ECB policymakers agreed that September's stimulus measures should be allowed more time to fully unfold their effects on the Euro Area economy and on inflation outlook despite concerns about the possible side effects, particularly given that some of the measures had yet to be implemented, minutes of Mario Draghi's last policy meeting showed. Officials also made a "strong call" for unity after several members opposed the stimulus package in September, and reiterated that fiscal policy had to play a more prominent role in supporting growth.

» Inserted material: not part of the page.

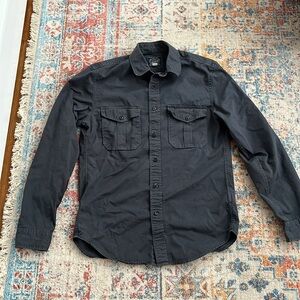 JCrew retro/vintage military grey button down camp shirt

Excerpts from Account of the monetary policy meeting of the Governing Council of the European Central Bank held in Frankfurt am Main on Wednesday and Thursday, 23-24 October 2019:
It was underlined that the incoming information since the September monetary policy meeting had confirmed the pronounced slowdown in euro area economic growth and a continued shortfall of inflation with respect to the inflation aim, thus vindicating the monetary policy decisions taken by the Governing Council at that meeting. There was wide agreement that more information would be needed to reassess the inflation outlook and the impact of the monetary policy measures, particularly given that some of the measures had yet to be implemented – notably the resumption of net asset purchases and the introduction of a two-tier system for reserve remuneration. Therefore, the measures should be allowed more time to fully unfold their effects on the euro area economy and ultimately on inflation outcomes, taking into account the usual transmission lags of monetary policy.

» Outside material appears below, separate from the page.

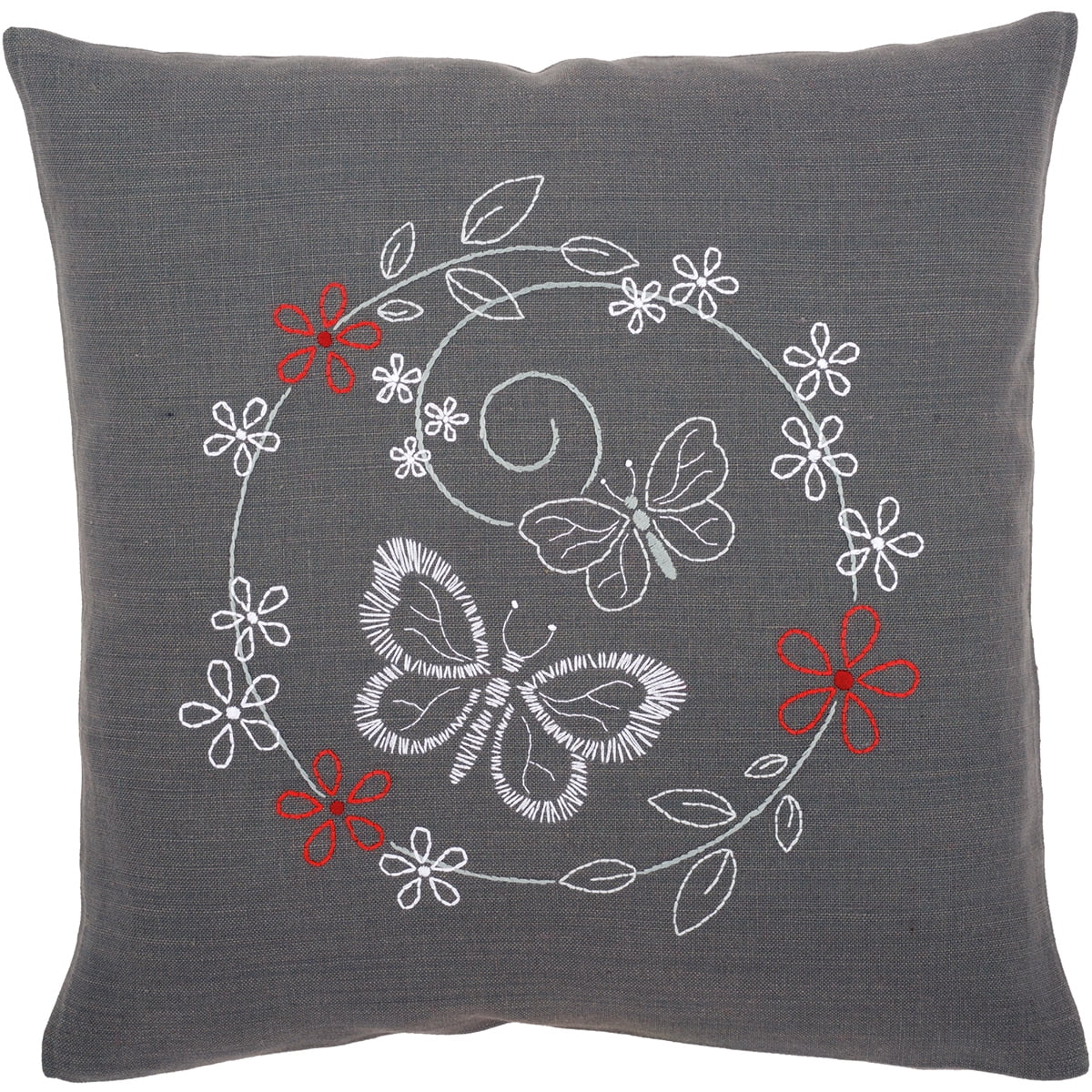 Vervaco Stamped Embroidery Cushion Kit 16 X16 Butterflies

Strong commitment by the Governing Council to providing the necessary policy stimulus was seen as important to ensure the sustained convergence of inflation to the Governing Council’s aim. Accordingly, it was vital for the Governing Council to remain prepared to act by using its full set of instruments if the inflation outlook so required. It was, however, cautioned that due account also had to be taken of the assessment of the possible side effects of monetary policy measures. At the same time, a plea was made for patience to allow the measures taken in September to work through the economy, supporting a “wait and see” posture at the current juncture.

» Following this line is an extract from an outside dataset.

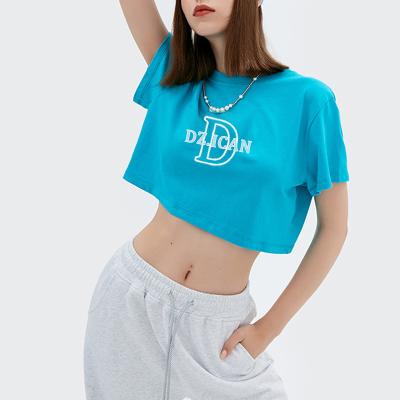 China Women's Anti-Wrinkle Cotton Short Sleeve Women's Crop Top T-Shirt Tees With Logo Custom Logo Printed Cotton T-shirt for sale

As regards communication, members widely agreed with the proposals made by Mr Lane in his introduction. It needed to be stressed that the September monetary policy package supported the sustained convergence of inflation towards the Governing Council’s aim, while noting that the transmission of the individual measures would take time to work its way through to growth and inflation dynamics. At the same time, the Governing Council needed to forcefully reiterate its unwavering commitment to achieving its inflation aim and the need for a highly accommodative stance of monetary policy for a prolonged period of time to support underlying inflation pressures and headline inflation developments over the medium term. In the light of the persistence of prominent downside risks surrounding the euro area outlook, it also needed to be emphasised that the Governing Council continued to stand ready to adjust all of its instruments, as appropriate, to ensure that inflation moved towards its aim in a sustained manner, in line with its commitment to symmetry.
Looking ahead, a strong call was made for unity of the Governing Council. While it was underlined that open and frank discussions in the Governing Council were absolutely necessary and legitimate, it was regarded as important to form a consensus and to unite behind the Governing Council’s commitment to pursuing its inflation aim.
Furthermore, the call on other policymakers was reiterated, emphasising that they needed to contribute more decisively to supporting the euro area economy. In particular, fiscal policy, notably of governments with fiscal space, had to play a more prominent role to stabilise economic conditions in view of the weakening economic outlook and the continued prominence of downside risks.